Try it: Your output should be the lines below from the one with "If you're new" through the one with "Simply hold the", copied exactly, pictures excluded.

(Saved data entries)
━━━━━━━━
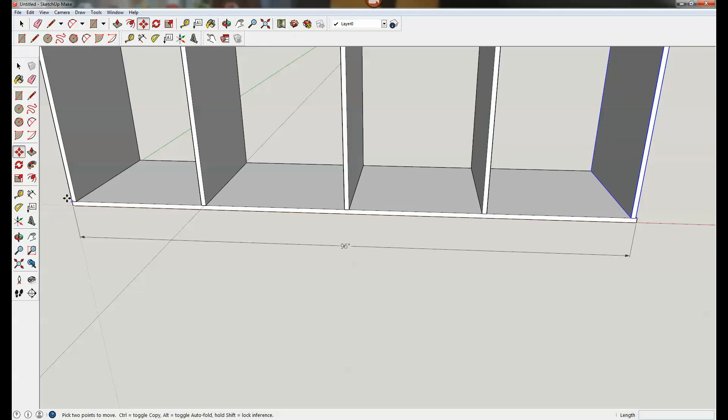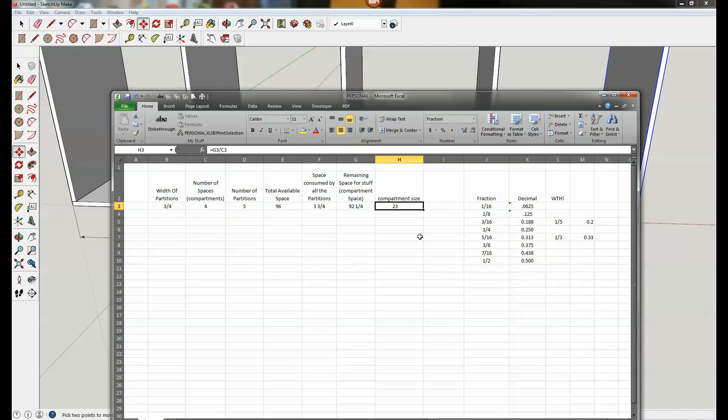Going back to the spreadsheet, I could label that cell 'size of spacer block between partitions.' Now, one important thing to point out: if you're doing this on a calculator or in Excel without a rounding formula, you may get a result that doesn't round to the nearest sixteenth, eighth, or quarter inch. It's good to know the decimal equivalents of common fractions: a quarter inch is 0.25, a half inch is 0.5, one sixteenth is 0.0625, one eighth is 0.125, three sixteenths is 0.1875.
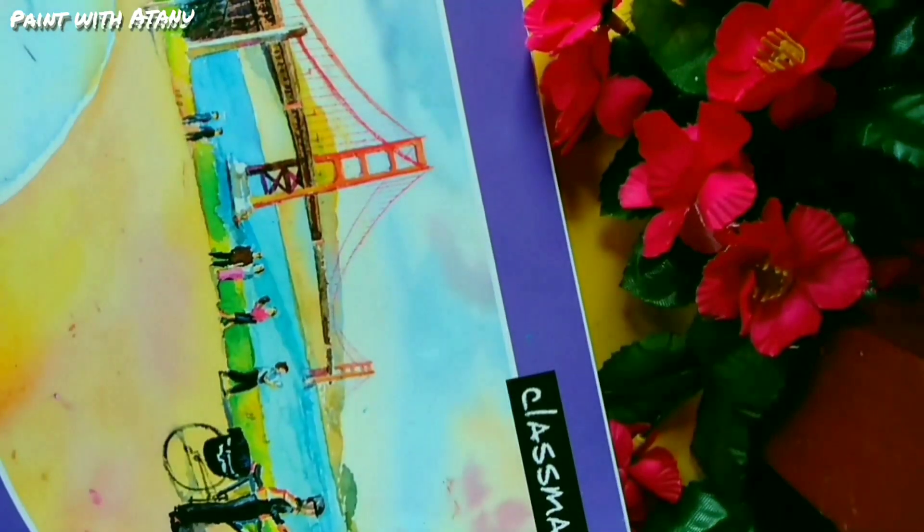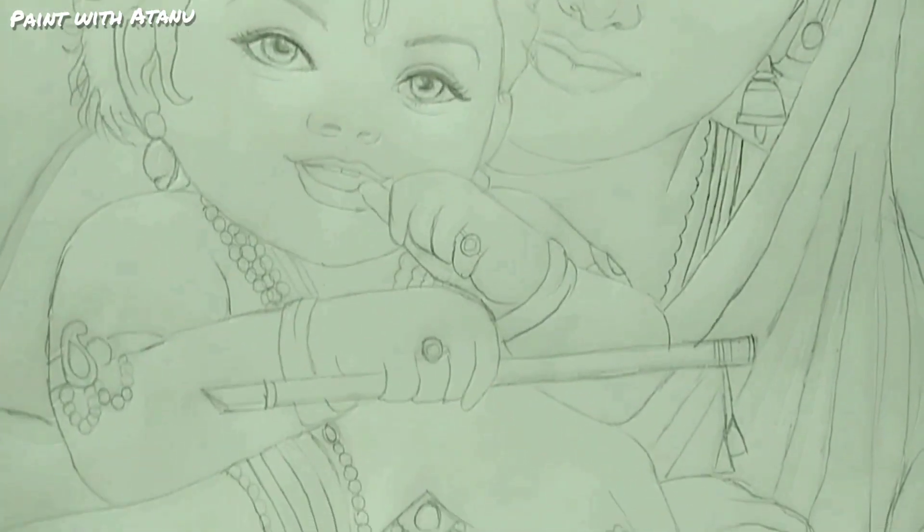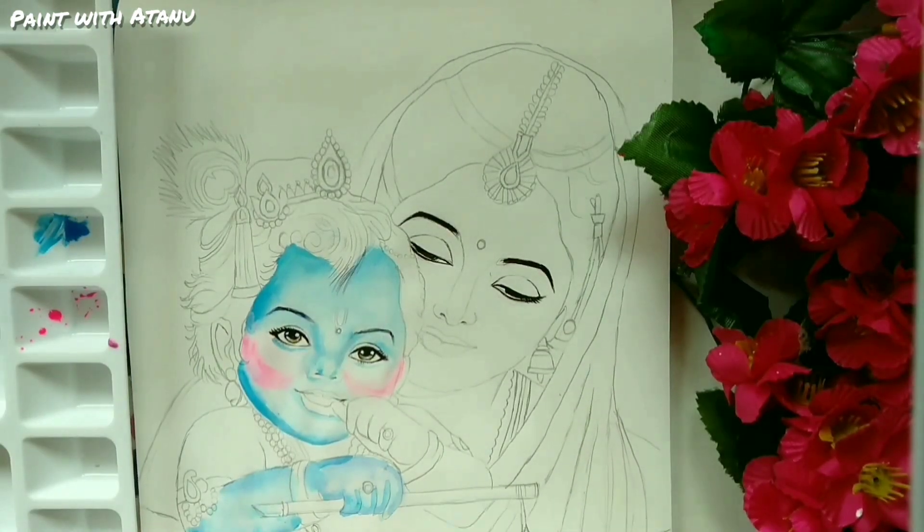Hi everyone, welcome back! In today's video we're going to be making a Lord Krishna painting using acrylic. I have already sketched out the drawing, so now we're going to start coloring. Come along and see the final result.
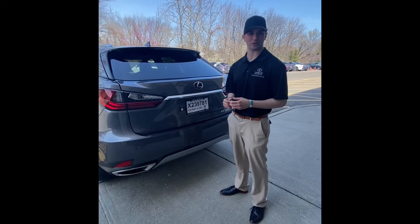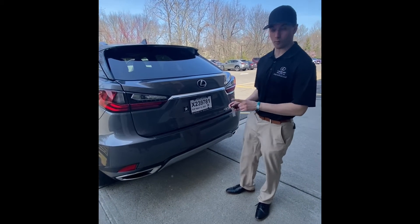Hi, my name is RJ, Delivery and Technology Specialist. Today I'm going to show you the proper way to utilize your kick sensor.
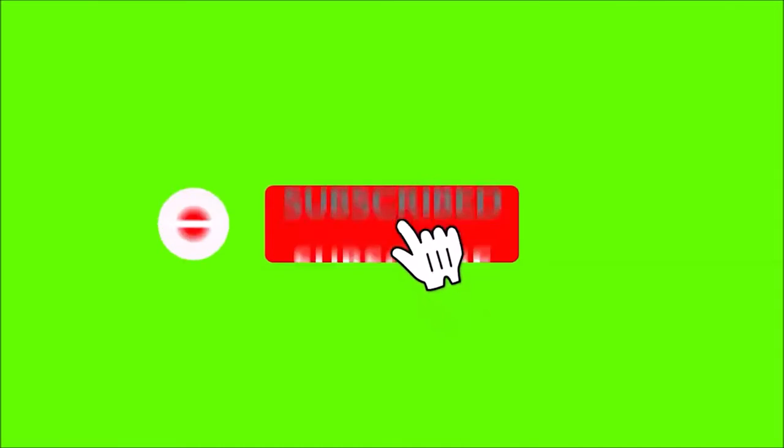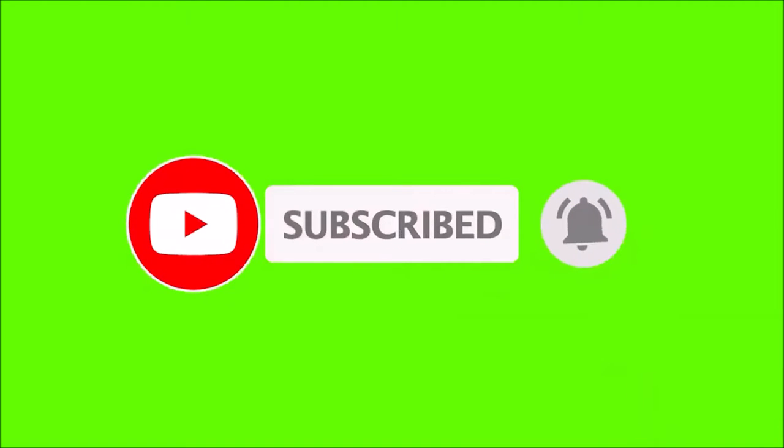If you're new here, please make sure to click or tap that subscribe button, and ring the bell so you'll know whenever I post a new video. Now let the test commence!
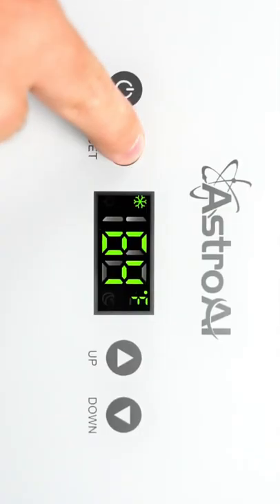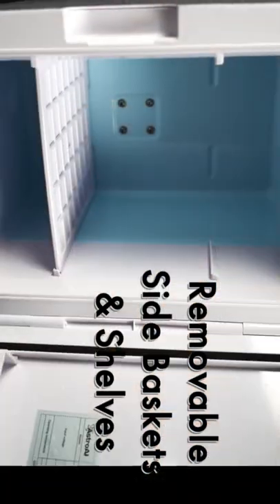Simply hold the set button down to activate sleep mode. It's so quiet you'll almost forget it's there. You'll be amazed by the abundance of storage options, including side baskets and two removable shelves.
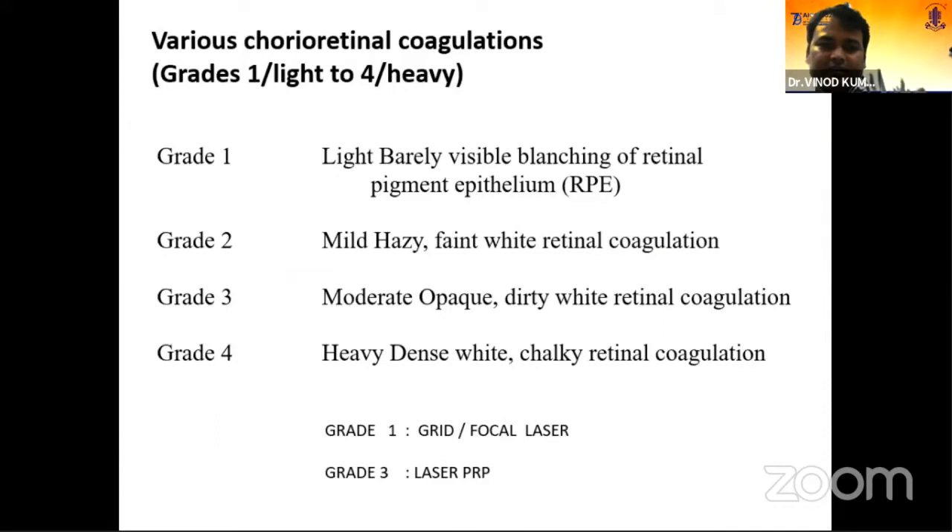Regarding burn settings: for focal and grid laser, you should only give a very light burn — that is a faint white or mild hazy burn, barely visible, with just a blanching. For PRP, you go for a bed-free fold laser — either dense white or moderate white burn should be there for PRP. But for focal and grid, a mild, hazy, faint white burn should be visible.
━━━━━━━━
Answer to the exercise:
If you're new here, please make sure to click or tap that subscribe button, and ring the bell so you'll know whenever I post a new video. Now let the test commence!
Simply hold the set button down to activate sleep mode. It's so quiet you'll almost forget it's there. You'll be amazed by the abundance of storage options, including side baskets and two removable shelves.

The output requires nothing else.